Dataset excerpt:
------
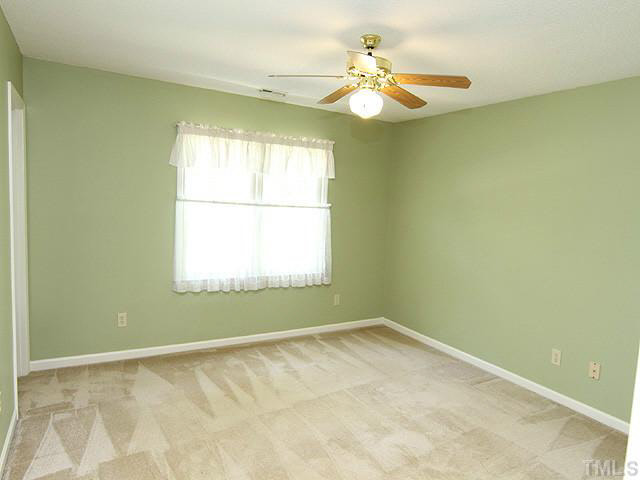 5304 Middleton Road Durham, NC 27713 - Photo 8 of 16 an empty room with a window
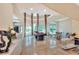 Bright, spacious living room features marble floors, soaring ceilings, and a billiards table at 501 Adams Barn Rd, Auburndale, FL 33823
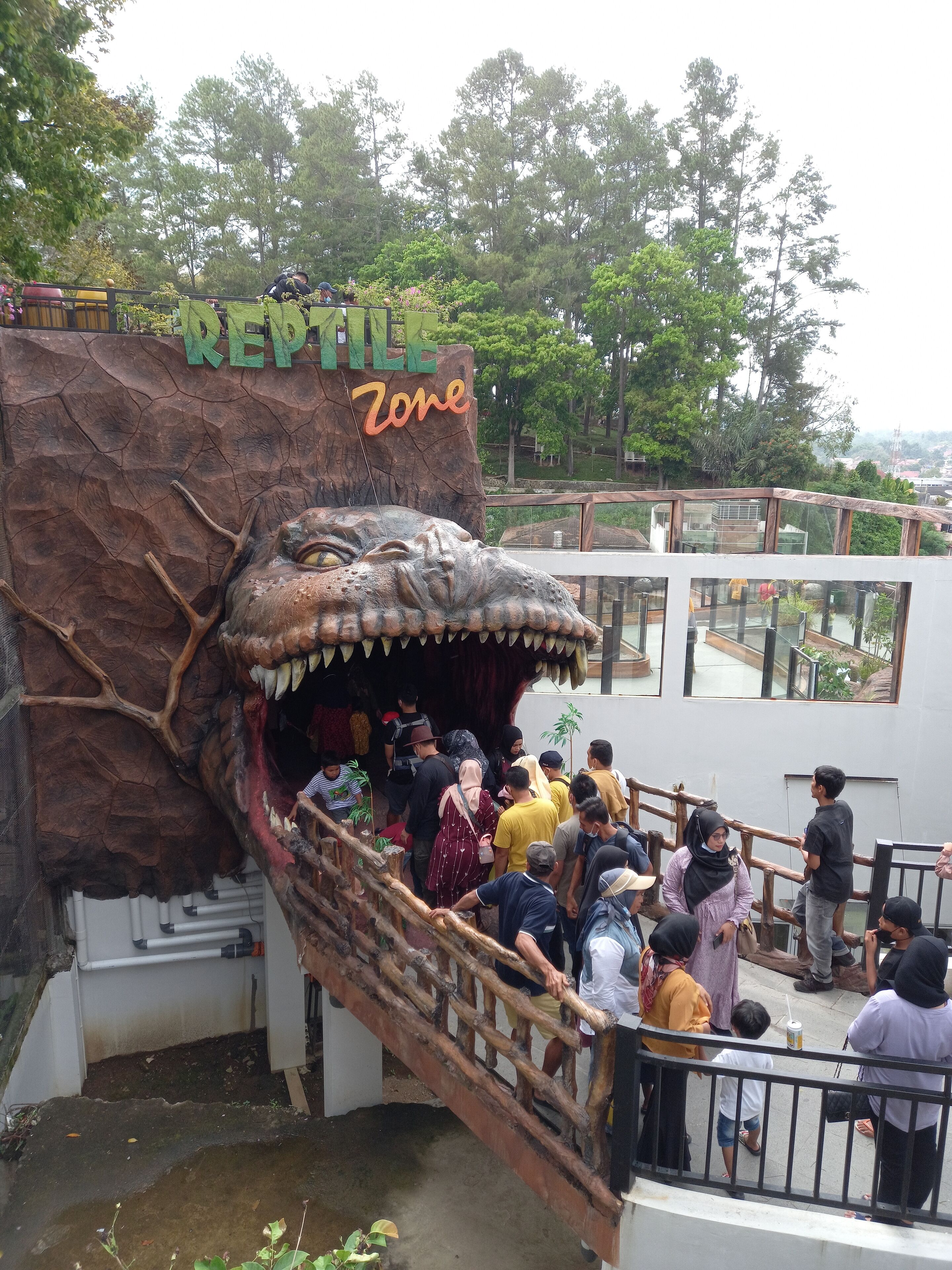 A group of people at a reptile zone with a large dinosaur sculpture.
------
Description of the task: The line with "Bright, spacious living" ends the range, and the first line of the data begins it; repeat exactly those lines and nothing more, omitting pictures.

Reply to the task:
 5304 Middleton Road Durham, NC 27713 - Photo 8 of 16 an empty room with a window
 Bright, spacious living room features marble floors, soaring ceilings, and a billiards table at 501 Adams Barn Rd, Auburndale, FL 33823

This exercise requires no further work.